Attaqués sur le secret bancaire, les établissements financiers suisses veulent désormais se concentrer sur l'argent fiscalement "propre", rompant avec une longue tradition d'accueil des avoirs issus de l'évasion fiscale.
"Il existe une tendance mondiale dans la gestion de fortune allant vers l'argent déclaré" auprès du fisc, a estimé dans un entretien à l'AFP Urs Roth, le patron de la puissante Association suisse des banquiers (ASB).
"Nous voulons nous positionner" sur cette tendance, a précisé le président exécutif de l'ASB, ajoutant que l'association a d'ores et déjà soumis une proposition au gouvernement helvétique.
Dans son projet, l'ASB souhaite notamment taxer les capitaux entreposés dans les coffres-forts helvétiques, mais toujours "en protégeant l'identité des clients", souligne M. Roth.
Car pour l'instant, dans le cadre des accords avec l'Union européenne, la Suisse ne taxe que les revenus de l'épargne de ses clients étrangers. Cet impôt est partiellement reversé au pays du ressortissant. Le procédé est totalement anonyme et ne révèle pas l'identité du dépositaire.
La Suisse où le secret bancaire est pratiqué depuis la fin du XIXe siècle, a cédé en mars à la pression des grands pays européens et des Etats-Unis et l'a assoupli.
La Confédération qui était inscrite jusqu'en septembre sur la liste grise des paradis fiscaux de l'Organisation de coopération et de développement économiques (OCDE), a signé cette année une série d'accords avec des pays partenaires permettant l'échange d'informations fiscales au cas par cas, ce qui lui a permis d'être "blanchie".
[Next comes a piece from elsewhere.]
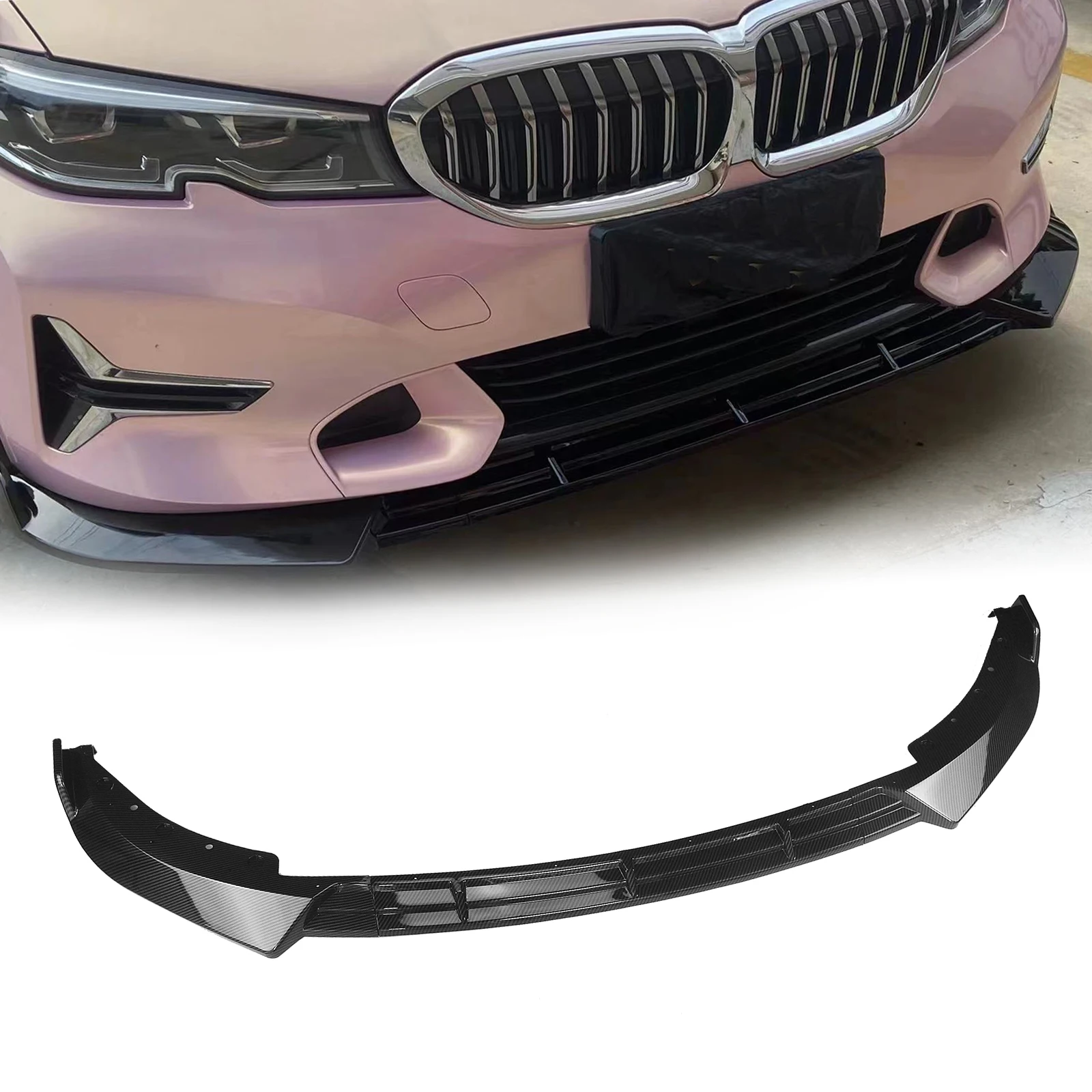 Front Spoiler Lip Blade Bumper Guard Splitter Auto Accessories For BMW 3-Series G20 G21 Sport Line 2019 2020 2021 2022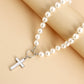 Jewelry mix and match beaded necklace shell beads cross mother of pearl necklace hot girl sweater chain high sense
Un pays soupçonnant un de ses citoyens de frauder le fisc peut ainsi demander aux autorités helvétiques de communiquer les détails bancaires, une opération jusqu'alors impossible.
Les grands établissements financiers suisses reviennent quant à eux de loin. Après avoir subi la tempête de la crise financière -- qui a failli faire chavirer la plus importante banque du pays, UBS --, ils ont subi les remous des attaques contre le secret bancaire, leur fonds de commerce.
Les banques s'en sont sorties avec des fortunes diverses. Credit Suisse, deuxième établissement du pays, a réalisé un troisième trimestre consécutif dans le vert avec un bénéfice net de 2,4 milliards de francs suisses (CHF) entre juillet et septembre et de forts afflux de capitaux, signe de confiance des clients.
En revanche, sa rivale UBS continue de souffrir, même si elle a ramené au troisième trimestre sa perte nette à 564 millions CHF. La banque zurichoise subit toujours des reflux massifs de capitaux, conséquence notamment de ses déboires judiciaires aux Etats-Unis où elle a été obligée de révéler l'identité de ses clients soupçonnés de fraude fiscale.
Mais malgré les difficultés de la place financière helvétique, la septième au niveau mondial, les banques sont loin d'avoir perdu de leur attrait auprès des riches.
"La gestion de fortune ne va pas disparaître parce que les gens vont continuer à investir leurs avoirs mais la nature de l'activité risque de changer", estime Christian Scarafia, analyste chez Fitch.
Pour ce dernier, "les banques suisses se trouvent dans une bonne situation comparé à certains de leurs concurrents" car elles ont investi depuis quelques années dans la présence "onshore" (sur place) dans de nombreux pays et peuvent ainsi surmonter sans trop de difficulté la fin des services "offshore", qui permettaient de placer l'argent en Suisse à l'abri du fisc.